== EXERCISE MATERIAL

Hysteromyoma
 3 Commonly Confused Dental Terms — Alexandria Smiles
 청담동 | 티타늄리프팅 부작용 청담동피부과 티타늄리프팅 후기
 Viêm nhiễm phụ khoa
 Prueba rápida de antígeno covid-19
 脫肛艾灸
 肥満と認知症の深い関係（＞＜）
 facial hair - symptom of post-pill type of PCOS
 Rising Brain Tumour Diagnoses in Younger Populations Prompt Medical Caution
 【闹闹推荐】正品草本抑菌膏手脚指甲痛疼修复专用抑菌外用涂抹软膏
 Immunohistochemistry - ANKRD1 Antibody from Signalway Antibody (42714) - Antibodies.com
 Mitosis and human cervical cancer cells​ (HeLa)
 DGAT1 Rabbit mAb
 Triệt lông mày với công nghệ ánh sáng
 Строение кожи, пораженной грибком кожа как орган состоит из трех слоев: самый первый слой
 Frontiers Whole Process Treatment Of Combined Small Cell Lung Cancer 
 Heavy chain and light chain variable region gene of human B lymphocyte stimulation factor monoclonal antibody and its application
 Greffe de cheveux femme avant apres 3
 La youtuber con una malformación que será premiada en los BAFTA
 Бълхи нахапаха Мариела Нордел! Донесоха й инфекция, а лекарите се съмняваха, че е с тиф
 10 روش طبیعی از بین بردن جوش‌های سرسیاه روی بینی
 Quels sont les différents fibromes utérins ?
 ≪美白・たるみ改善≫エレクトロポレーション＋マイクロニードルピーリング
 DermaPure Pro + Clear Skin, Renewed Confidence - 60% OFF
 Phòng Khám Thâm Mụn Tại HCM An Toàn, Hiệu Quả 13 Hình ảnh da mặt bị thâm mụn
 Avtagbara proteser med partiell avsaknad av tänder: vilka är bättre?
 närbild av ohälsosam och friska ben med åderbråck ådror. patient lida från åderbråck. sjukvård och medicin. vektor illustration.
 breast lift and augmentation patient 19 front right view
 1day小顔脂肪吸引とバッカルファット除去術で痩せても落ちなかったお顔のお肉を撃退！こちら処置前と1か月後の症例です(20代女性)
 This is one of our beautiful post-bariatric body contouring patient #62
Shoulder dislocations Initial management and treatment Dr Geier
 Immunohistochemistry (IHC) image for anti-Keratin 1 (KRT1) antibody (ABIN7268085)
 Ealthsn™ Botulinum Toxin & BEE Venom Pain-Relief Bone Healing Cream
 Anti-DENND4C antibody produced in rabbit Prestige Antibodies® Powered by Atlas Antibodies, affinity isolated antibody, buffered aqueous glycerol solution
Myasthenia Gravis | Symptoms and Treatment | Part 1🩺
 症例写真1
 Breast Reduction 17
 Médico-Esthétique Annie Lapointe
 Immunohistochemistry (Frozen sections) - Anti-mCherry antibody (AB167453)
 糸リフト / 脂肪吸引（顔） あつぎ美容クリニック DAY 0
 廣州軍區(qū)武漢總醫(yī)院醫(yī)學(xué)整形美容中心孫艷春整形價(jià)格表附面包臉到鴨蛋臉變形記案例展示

====

(TASK PROMPT):
Your answer should consist of the lines from the line with "Строение кожи, пораженной" to the line with "Greffe de cheveux femme avant apres 3" above, repeated exactly, both ends included.

(RESPONSE TO THIS EXERCISE):
 Строение кожи, пораженной грибком кожа как орган состоит из трех слоев: самый первый слой
 Frontiers Whole Process Treatment Of Combined Small Cell Lung Cancer 
 Heavy chain and light chain variable region gene of human B lymphocyte stimulation factor monoclonal antibody and its application
 Greffe de cheveux femme avant apres 3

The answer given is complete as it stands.